Le taux de croissance, lui, en revanche, est publié avec une régularité métronomique. Et les Chinois font de réels efforts pour rassurer sur leur statistique. Ils se conforment progressivement aux normes du FMI. Mais cela ne suffit pas à lever le doute. Même la rapidité de l'institut chargé des statistiques étonne : les Chinois mettent 15 jours à compiler les données d'un trimestre quand les Américains prennent six semaines.

L'actuel Premier ministre Li Keqiang a lui-même émis des doutes sur les chiffres de la croissance quand il gouvernait la province du Lianoning.

On l'a appris en 2010 par une fuite de l'ambassade américaine. A cette époque, il préférait regarder la consommation d'électricité, le volume du fret et celui des prêts bancaires pour avoir une image plus exacte de l'état de sa région plutôt que le seul taux de croissance. Une grille adaptée à cette région très industrielle. A l'échelle de la Chine, l'analyse est plus compliquée. La consommation d'électricité a effectivement baissé par rapport à l'année dernière.

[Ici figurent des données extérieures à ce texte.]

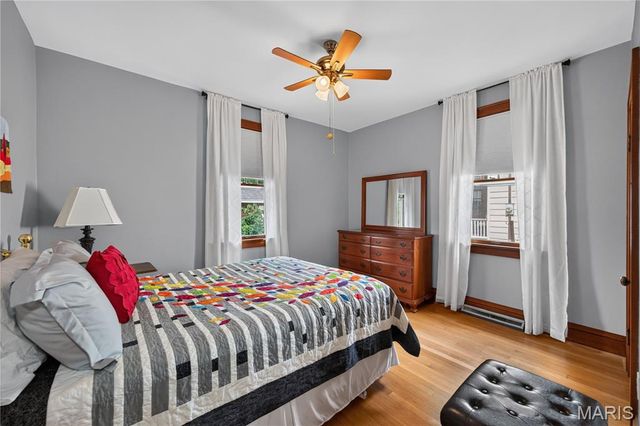 539 Monroe Street, St Charles, MO 63301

Mais on ne sait pas si cela est dû à une meilleure efficacité énergétique ou bien à une diminution réelle de l'activité. Le volume de fret est également un indicateur difficile à interpréter. Une baisse signifie une moindre activité industrielle, mais cela ne nous dit rien sur l'évolution des services. Dans ce brouillard, les analystes indépendants, pressés par des investisseurs qui ont besoin d'informations fiables, en sont donc souvent réduits à utiliser le taux officiel et à le pondérer à l'aide de leurs propres indicateurs. D'après ces estimations, la croissance chinoise serait plutôt de l'ordre de 5 % pour 2015.